# Mk4 bagged with raxles?



## midwest dubin (Feb 18, 2008)

Who has raxles on a mk4 with bags? My drivers side axle is shot and my right side is almost there. I was going to find a cheap winter car but I'm having no luck, so I think I am going to drive the dub in the winter. It needs a few repairs, but, in the big picture it's just a FWD eco car:thumbup: So who has reviews of raxles because I'm pretty sure they will be my best bet. There a $1000 shipped for left and right which is a good chunk of change so someone convince me 











The car on the right is the one in question. 
It also needs pads/rotors, and the camber in the rear removed but then it should be good to go for the winter. Oh the aristos are on again too.


----------



## fouckhest (May 22, 2003)

i have raxles on my gti....they have been great, actually drove it with the drivers side outer boot shredded since i went up to eurowerks in 2010 and hit a dear carcus on the way up....drove all the way home and local for quite some time...

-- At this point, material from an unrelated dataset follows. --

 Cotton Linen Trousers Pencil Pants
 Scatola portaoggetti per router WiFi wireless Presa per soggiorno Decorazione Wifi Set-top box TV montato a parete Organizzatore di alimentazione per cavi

they are well worth the investment :thumbup:


----------



## hyphytrain203 (Jun 9, 2003)

interesting... how much do these (r)axle's "telescope"? i used to :banghead: in my mkIII having to listen to clanking axles due to them being too long while at a low low driving height. looked into having shortened axles made but never went through with it.

in for more info...


----------



## crazymoforz (Jan 19, 2006)

im on 19" drive with subframe 1" off the ground daily. i just have the passenger side raxle and couldn't be happier! i went through at least 7 axles before i got the Raxle.


----------



## blue bags (Jul 1, 2009)

ive had a pass side raxle for like a year and a half. I like it. seems like it binds roughly the same as an OEM one did at low heights, but either way thus far its been lasting fine. when I talked to marty he explained that an OEM axle has roughly 11 degrees of 'efficient flex', vs roughly 17 degrees on the bulletproof raxles. In general, raxle or OEM is the only way to go. replaced my drivers side a few weeks ago with an aftermarket just to have a fresh one in for the h2o drive since i had a torn boot, and it literally exploded after maybe 40 miles. so i put an oem one back on that side since i didnt have time to order a raxle before h2o


----------



## woody89 (Aug 12, 2007)

After a couple years of tossing around the idea of Raxles, I've decided I'll probably never fork out the cash for them. Seen too many mixed reviews about binding and such with them regardless if they are stronger. I never really drive my car super low anymore, but I'd like to think the new VF mounts I'm running helped a lot.


----------



## gt[I] (Nov 12, 2005)

I believe ahmetthej3rk went through 3-4 raxles when he had his 20th


----------



## midwest dubin (Feb 18, 2008)

> gt_
> I believe ahmetthej3rk went through 3-4 raxles when he had his 20th_


_

Why so many? Was he static? 

Bump with a pic:thumbup:








_


----------



## midwest dubin (Feb 18, 2008)

Anyone else??


----------



## hyphytrain203 (Jun 9, 2003)

I would check out Bildon. Try calling them to see if they would be able to shorten these to avoid binding. IIRC, should only have to take off 10mm to help correct geometry. 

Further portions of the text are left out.